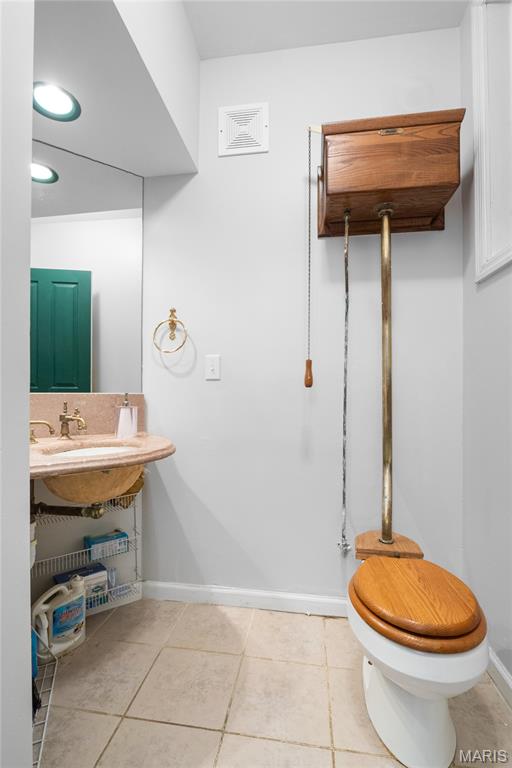 St Louis, Missouri 63104, United States, 3 Bedrooms Bedrooms, ,3 BathroomsBathrooms,Residential,Active,174003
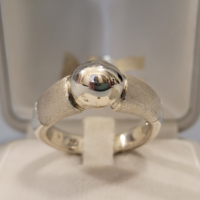 Ezüst női gyűrű 9,56g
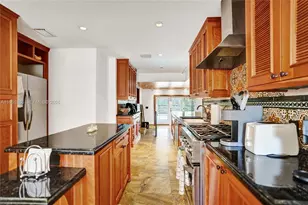 1247 NE 101st St, Miami Shores, FL 33138 - Photo 13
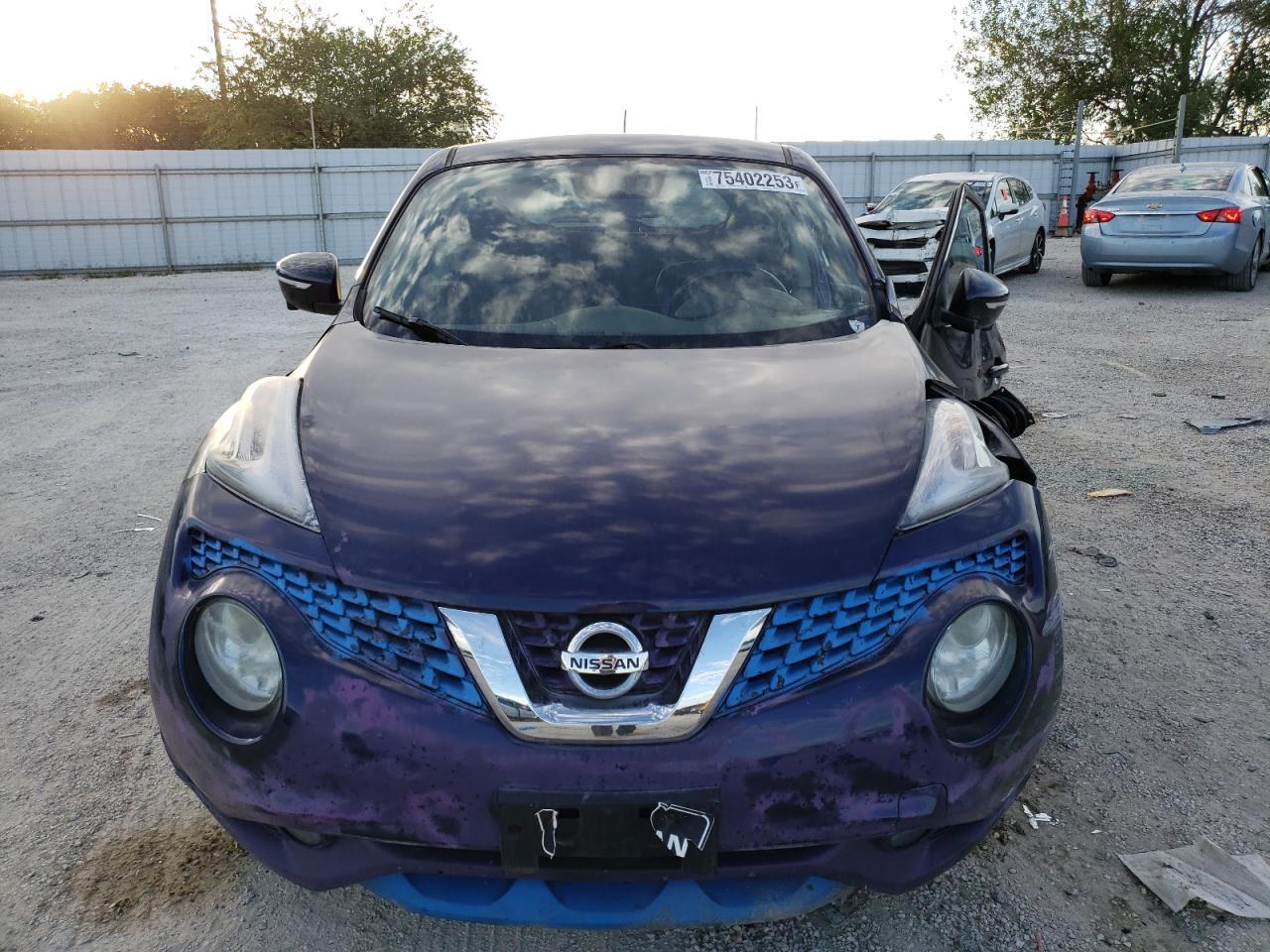 2015 NISSAN Juke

-- -- --

Could you output the lines above exactly, with no pictures included?

Written answer:
 St Louis, Missouri 63104, United States, 3 Bedrooms Bedrooms, ,3 BathroomsBathrooms,Residential,Active,174003
 Ezüst női gyűrű 9,56g
 1247 NE 101st St, Miami Shores, FL 33138 - Photo 13
 2015 NISSAN Juke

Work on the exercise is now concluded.